- **EXERCISE REQUIREMENTS**:
Using the entries below, output exactly the lines from the one containing "Scilla mischtschenkoana" through the final line, both included, and no others.

- **EXTRACTED RECORDS**:

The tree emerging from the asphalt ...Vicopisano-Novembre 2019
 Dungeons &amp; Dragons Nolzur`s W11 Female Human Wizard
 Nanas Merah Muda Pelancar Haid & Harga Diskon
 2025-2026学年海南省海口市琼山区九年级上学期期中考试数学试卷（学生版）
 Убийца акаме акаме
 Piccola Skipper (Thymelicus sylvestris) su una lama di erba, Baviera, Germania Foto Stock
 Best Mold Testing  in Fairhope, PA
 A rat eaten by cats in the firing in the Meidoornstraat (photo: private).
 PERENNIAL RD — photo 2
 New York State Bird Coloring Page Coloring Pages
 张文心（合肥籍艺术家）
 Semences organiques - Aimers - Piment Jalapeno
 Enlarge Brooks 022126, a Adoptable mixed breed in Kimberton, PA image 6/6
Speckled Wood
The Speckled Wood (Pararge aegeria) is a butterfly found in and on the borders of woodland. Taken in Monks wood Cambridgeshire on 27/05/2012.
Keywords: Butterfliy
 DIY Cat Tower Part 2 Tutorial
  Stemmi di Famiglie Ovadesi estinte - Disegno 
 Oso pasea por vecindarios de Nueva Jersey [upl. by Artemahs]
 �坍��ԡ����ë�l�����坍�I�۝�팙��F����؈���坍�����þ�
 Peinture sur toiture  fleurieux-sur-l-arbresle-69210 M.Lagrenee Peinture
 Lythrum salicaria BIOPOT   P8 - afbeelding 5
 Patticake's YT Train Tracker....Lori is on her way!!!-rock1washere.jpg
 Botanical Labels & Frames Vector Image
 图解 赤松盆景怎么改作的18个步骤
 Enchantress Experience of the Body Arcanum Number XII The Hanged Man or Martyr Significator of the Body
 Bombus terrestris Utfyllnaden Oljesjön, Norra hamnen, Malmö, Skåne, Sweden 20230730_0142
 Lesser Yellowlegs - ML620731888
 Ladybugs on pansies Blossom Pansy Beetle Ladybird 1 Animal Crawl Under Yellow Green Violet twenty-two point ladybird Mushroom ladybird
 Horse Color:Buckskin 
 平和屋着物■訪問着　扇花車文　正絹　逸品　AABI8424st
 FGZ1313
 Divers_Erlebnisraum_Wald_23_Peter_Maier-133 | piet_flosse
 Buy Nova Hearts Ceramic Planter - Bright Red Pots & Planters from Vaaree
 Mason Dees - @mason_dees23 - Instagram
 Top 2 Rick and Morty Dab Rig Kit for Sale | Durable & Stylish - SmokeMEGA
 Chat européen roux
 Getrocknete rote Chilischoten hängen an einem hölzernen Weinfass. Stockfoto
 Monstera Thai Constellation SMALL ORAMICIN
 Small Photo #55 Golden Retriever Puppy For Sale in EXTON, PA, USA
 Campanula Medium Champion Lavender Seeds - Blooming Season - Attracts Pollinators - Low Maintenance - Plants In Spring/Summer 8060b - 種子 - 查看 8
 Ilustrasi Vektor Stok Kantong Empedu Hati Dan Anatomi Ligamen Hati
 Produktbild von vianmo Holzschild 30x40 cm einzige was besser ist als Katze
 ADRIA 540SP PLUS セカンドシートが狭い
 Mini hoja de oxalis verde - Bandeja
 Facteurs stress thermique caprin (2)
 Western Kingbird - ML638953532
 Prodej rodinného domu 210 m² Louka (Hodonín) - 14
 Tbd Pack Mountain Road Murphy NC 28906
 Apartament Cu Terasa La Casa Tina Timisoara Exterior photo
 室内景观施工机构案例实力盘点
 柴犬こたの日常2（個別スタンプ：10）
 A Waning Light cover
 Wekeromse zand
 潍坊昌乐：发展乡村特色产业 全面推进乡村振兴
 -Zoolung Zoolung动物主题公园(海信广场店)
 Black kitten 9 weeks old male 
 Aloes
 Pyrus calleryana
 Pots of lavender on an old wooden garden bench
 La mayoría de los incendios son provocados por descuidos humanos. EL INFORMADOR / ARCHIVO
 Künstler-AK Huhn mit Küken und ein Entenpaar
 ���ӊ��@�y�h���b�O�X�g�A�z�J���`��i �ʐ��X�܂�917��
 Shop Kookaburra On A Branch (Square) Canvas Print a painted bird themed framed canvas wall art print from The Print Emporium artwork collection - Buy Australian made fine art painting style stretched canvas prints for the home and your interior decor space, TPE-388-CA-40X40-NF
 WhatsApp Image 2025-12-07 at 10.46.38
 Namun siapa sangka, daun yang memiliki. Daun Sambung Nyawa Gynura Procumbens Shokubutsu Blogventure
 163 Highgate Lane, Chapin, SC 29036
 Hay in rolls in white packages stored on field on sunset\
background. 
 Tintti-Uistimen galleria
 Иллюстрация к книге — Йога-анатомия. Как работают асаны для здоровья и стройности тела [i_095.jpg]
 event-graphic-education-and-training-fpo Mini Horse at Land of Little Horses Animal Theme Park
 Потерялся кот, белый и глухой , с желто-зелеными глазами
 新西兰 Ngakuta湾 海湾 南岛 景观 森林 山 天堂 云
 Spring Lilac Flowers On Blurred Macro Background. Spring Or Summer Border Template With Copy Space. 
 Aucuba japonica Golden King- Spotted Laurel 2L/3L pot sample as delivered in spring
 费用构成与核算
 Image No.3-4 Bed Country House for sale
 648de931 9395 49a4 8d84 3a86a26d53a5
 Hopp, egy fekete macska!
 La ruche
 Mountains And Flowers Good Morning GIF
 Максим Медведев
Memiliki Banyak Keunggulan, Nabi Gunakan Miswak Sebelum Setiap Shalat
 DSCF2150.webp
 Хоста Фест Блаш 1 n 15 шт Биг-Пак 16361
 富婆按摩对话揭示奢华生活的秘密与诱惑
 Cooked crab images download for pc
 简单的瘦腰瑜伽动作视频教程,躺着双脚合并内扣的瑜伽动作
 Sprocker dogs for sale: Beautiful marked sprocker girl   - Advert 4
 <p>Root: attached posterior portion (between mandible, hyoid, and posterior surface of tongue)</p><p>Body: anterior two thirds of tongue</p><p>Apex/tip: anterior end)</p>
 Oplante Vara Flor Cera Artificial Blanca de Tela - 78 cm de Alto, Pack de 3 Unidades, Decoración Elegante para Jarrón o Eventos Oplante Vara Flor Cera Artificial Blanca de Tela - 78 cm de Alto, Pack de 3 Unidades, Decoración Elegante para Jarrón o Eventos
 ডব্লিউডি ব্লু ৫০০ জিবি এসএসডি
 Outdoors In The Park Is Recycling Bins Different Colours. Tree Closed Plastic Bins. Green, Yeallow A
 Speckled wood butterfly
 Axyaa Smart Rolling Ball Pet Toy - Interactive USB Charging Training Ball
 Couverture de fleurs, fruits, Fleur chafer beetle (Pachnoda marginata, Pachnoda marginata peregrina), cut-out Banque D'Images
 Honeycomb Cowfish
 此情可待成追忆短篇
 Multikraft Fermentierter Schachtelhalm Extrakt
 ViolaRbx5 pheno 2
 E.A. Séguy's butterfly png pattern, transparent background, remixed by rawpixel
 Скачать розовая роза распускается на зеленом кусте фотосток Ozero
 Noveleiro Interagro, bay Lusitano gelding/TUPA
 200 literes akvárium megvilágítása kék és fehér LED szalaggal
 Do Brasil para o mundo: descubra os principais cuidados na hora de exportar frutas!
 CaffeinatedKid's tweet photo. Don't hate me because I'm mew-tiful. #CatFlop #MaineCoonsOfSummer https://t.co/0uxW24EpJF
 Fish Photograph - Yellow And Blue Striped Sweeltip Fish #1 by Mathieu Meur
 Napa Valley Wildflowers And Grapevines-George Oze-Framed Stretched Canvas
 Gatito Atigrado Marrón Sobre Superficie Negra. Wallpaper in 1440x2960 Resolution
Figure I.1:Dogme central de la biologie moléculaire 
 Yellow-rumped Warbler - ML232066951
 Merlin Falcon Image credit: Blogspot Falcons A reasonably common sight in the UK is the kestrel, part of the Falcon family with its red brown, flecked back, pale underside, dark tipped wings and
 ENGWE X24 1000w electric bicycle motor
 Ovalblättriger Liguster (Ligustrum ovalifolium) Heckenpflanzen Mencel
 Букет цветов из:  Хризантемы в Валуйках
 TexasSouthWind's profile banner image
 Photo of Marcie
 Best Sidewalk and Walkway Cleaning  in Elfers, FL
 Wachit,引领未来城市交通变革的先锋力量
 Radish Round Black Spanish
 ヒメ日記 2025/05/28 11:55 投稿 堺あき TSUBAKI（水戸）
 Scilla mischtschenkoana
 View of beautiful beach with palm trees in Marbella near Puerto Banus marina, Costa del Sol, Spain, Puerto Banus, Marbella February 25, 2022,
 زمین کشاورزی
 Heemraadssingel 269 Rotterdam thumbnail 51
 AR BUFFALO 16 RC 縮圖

- **REPLY TO THE EXERCISE**:
 Scilla mischtschenkoana
 View of beautiful beach with palm trees in Marbella near Puerto Banus marina, Costa del Sol, Spain, Puerto Banus, Marbella February 25, 2022,
 زمین کشاورزی
 Heemraadssingel 269 Rotterdam thumbnail 51
 AR BUFFALO 16 RC 縮圖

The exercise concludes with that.